To się wybierz, tylko wcześniej dać znać cobym się też na pewno wybrała.
A dziś... Zamorduję Miyuki. Rok pod jednym dachem wystarczy, dojrzałam dziś do decyzji. Zna ktoś dobry przepis z kuchni koreańskiej co by się rok karmienia nie zmarnował? Bezczelna, pierońska @! Wybieram się do KRK. Postawiłam na łóżku plecaczek, oparłam o niego funkiel nówka tablicę korkową 40x50cm na której zamierzam powiesić te nowe kolczyki, a ta zaraza natentychmiast zrobiła sobie z niej drapak! Korkowe to te tablice są z nazwy głównie bo warstwa korka taka więcej iluzoryczna jest a pod spodem ordynarna pilśnia (dobrze że nie tektura jak w UK i na Słowacji) i teraz mój śliczny koreczek wygląda jak... podrapany przez kota. Podła zołza!

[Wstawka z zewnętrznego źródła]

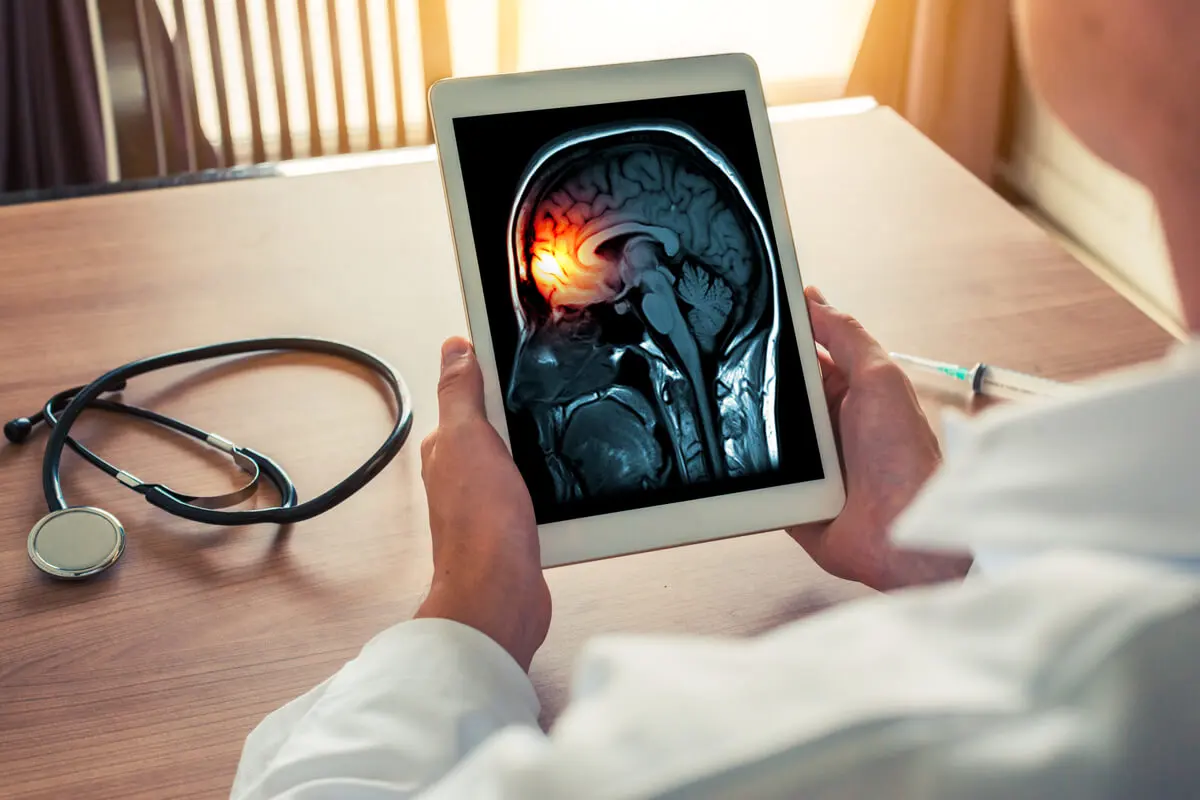 Arzt untersucht Flimmerskotom nach Hirninfrakt des Patienten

A z innej beczki. Pewna byłam że Futro to rocznik 2007, raczej wiosna. Bzdura. Zgadałyśmy się wczoraj z OMC mamusią na ten temat. Futro w pierwszym domu była ze 3 lata, potem parę miechów "na wolności", u nas jest prawie dwa. Ma z 5 lat. Wiosna, owszem, ale 2005r. To się damie udało, w papierach ma dwa lata mniej.

W paszport trzeba wpisać jakąś datę urodzenia i to dokładną. Ale zmyślałam! Tylko Kłaka i Tyśka wiem dokładnie.
A tak poza tym to zbieram doopsko do KRK - pogoda za oknem jak złoto.